Design/Methods: Patients with relapsing remitting- or secondary progressive-MS intolerant of or having failed current therapy donated blood from which T cells reactive to two peptides each of three proteins [MBP, proteolipid protein (PLP) and myelin oligodendrocyte glycoprotein (MOG)] were expanded ex vivo and prepared as a TF of CD4+ and CD8+ MRTCs. The MRTCs were attenuated by Cesium137 irradiation prior to patients receiving subcutaneous injections of either 6-9 million cells (dose 1) or 30-45 million cells (dose 2) at weeks 0, 4, 12 and 20. MRTC frequencies were performed at baseline and weeks 5, 13, 21, 28 and 52. Patients were evaluated for changes in Expanded Disability Status Scale (EDSS), Multiple Sclerosis Impact Scale (MSIS) and exacerbations.
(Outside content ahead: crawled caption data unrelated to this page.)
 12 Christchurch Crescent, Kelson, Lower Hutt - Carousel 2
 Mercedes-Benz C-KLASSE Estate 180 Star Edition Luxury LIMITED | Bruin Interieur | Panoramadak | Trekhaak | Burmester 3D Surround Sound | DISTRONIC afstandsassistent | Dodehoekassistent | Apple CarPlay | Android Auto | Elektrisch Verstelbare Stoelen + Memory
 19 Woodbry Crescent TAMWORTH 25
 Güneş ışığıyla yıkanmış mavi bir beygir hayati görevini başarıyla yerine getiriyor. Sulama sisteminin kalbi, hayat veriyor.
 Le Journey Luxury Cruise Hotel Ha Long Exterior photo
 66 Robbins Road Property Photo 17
Results: MRTCs in the peripheral blood were depleted in a dose dependent manner and analyses showed reductions in all 3 types of MRTCs at all follow-up visits. All patients in the dose 2 group had a 100% reduction in MRTC counts at the week 5 follow-up visit. Percentage reductions were greater in the dose 2 group than in the dose 1 group at every follow-up visit. Correlation between the reduction in overall MRTC frequencies and the physical component of the MSIS (p=0.0086) was strong. There was a trend to improved EDSS (p=0.0561). One exacerbation was observed in the dose 1 group. The treatment appears to be safe and well tolerated with minimal adverse events and no dose-limiting toxicities.
Conclusion: MRTCs in patients with MS can be depleted by Tovaxin treatment. MSIS and EDSS clinical measures are improved and the treatment appears safe and well tolerated. A Phase IIb double-blind placebo-controlled trial to study the effects of Tovaxin in treatment of early relapsing MS patients is being planned.